Following on my earlier post about the many little C++ papercuts that we all deal with everyday, comes std::string_view and says “hold my beer.”

Before C++17, passing a string around without copying it was an exercise in frustration. You had std::string const&, which was fine if you actually had a std::string, but if you didn’t, this required a conversion (and, potentially, a heap allocation).

And, of course, you had old-faithful: char const*. It worked, but if you had a std::string you needed to tack on an awkward .c_str() since std::string (sanely) doesn’t implicitly convert to a char const*. And, of course, you had to carefully check whether the pointer was ~~NULL~~ nullptr and, if you needed the length, you had to do an O(n) strlen call.

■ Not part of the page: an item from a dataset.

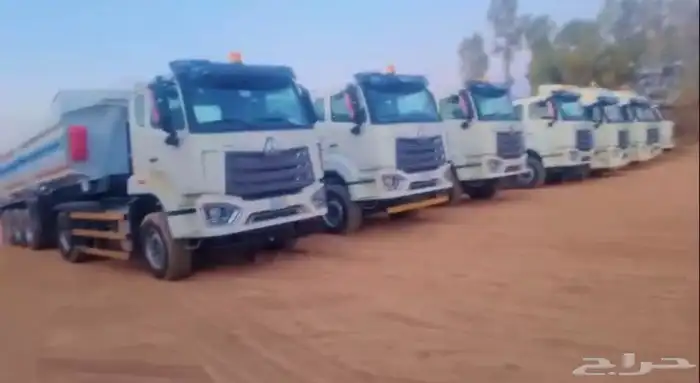 2024 Three-Axle Dump Trucks for Rent 0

There simply was no efficient, universal, non-owning reference to a contiguous sequence of characters. And then along came std::string_view: a simple, lightweight, non-owning view. No ownership semantics, no allocations, no fuss. You could construct one from a std::string, from a const char*, from a pointer-and-length pair, or just default-construct an empty one.

It was a simple and elegant abstraction that we needed to write better, cleaner code.

And then the committee decided that constructing a string_view from a const char* that is nullptr should be undefined behavior.

The state of affairs

Let’s be precise about what we’re dealing with. A default-constructed std::string_view has data() == nullptr and size() == 0. This is a perfectly valid, well-defined state. The standard guarantees it:

    std::string_view sv;
    assert(sv.data() == nullptr);  // guaranteed
    assert(sv.size() == 0);        // guaranteed
    assert(sv.empty());            // guaranteed

So far, so good. But now try this:

    const char* p = nullptr;
    std::string_view sv(p);  // undefined behavior!

This is UB because the const char* constructor is specified to call Traits::length(p) (which is effectively strlen(nullptr)). Game over.

But it gets worse:

    const char* p = nullptr;
    std::string_view sv(p, 0);  // also undefined behavior!

The pointer-and-length constructor requires [s, s + count) to be a valid range, which fails for nullptr even when count is zero.

So, a default-constructed std::string_view has data() == nullptr and size() == 0. But attempting to manually construct such a std::string_view yields undefined behavior. The destination state is fine, but the journey there kills you.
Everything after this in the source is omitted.